There is no standard notation for the equivalence class of $x$ with respect to $R$; we shall usually denote it by $x/R$, and we shall write $X/R$ for the set of all equivalence classes $\ldots$

Exercise: show that $X/R$ is indeed a set by exhibiting a condition that specifies exactly the subset $X/R$ of the power set $\mathscr P(X)$.

~P. R. Halmos, Naive Set Theory (p. 28)

EDIT: Taking the answers I've received thus far, here's what I'm currently working with.

Let $X$ be a set, and let $R$ be an equivalence relation in $X$. Then $x/R$ (or $[x]$ if you prefer) is a set comprising the elements $y$ such that $(x, y) \in R$. Each such equivalence class for each element $x \in X$ is a subset of $X$ and therefore a member of $\mathscr P(X)$.

This in turn means that $X/R$, the set of all $x/R$ for our given $X$ and our given equivalence $R$, is a set of subsets of $X$, making it a subset of $\mathscr P(X)$. Now, I've worked through two examples:

If we let $X = \{1, 2, 3, 4\}$ and let $R$ be the relation of equality in $X$, then $X/R = \{\{1\}, \{2\}, \{3\}, \{4\}\}$. This is a subset of $\mathscr P(X)$ as expected.

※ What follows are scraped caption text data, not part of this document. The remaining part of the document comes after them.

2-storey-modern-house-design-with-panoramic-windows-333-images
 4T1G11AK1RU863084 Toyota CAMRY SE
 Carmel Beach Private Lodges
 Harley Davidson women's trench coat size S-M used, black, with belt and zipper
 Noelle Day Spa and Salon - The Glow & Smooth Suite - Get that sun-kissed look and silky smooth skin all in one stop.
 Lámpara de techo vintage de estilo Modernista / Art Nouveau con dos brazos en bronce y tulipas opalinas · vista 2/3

If we let $X = \{1, 2, 3\}$ and let $R$ be the cartesian product $X \times X$, then $X/R = \{\{1, 2, 3\}\}$, which is a subset of $\mathscr P(X)$ as expected.

As for how one can come up with a general specification that achieves both of these results:

$$X/R = \{S \in \mathscr P(X): (s \in S) \iff ([t \in S] \land [s \space R \space t]) \}$$

Or, in English, the set of equivalence classes in $X$ with respect to a given relation $R$ is the set of all sets $S$ in the power set of $X$ for which an element $s$ is only in $S$ if there is also $t$ in $S$ and $s$ and $t$ stand in equivalence to one another.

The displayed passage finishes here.